THE TASK — Exclude the pictures and transcribe the rest of the data below exactly.

RECORDED INFORMATION —
***
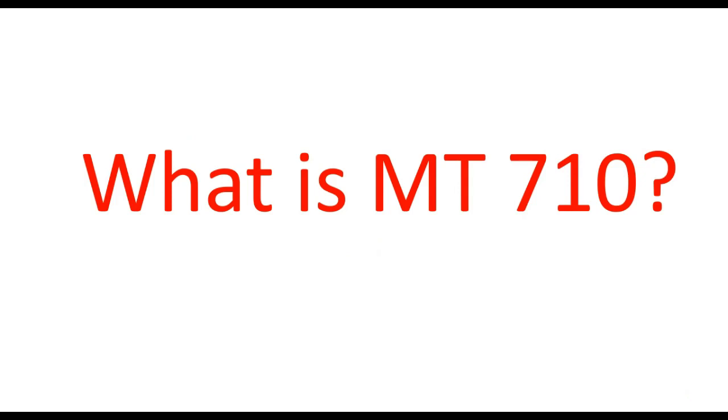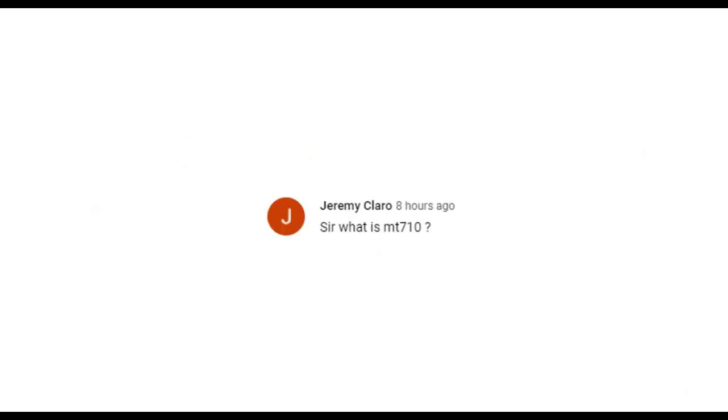Hi viewers, this video is made in response to one of my subscribers' comments. His name is Jeremy Claro. So Mr. Jeremy, please excuse me if I have mispronounced your name.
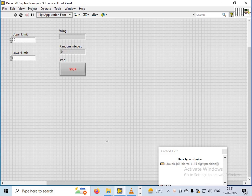Hello friends, in the current video tutorial I am going to show you how to generate random numbers within upper limit and lower limit continuously, and also show whether the random number generated is even or odd.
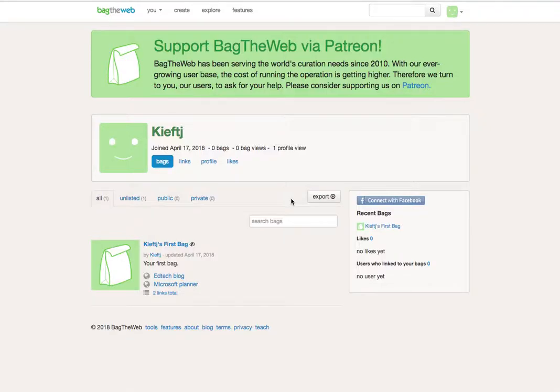Hello, in this week's video we're looking at another web curation service, in this case Bag the Web. So having logged on either with your Facebook account or your email, you can create a bag. Here's a bag I've created.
***
WRITTEN SOLUTION —
Hi viewers, this video is made in response to one of my subscribers' comments. His name is Jeremy Claro. So Mr. Jeremy, please excuse me if I have mispronounced your name.
Hello friends, in the current video tutorial I am going to show you how to generate random numbers within upper limit and lower limit continuously, and also show whether the random number generated is even or odd.
Hello, in this week's video we're looking at another web curation service, in this case Bag the Web. So having logged on either with your Facebook account or your email, you can create a bag. Here's a bag I've created.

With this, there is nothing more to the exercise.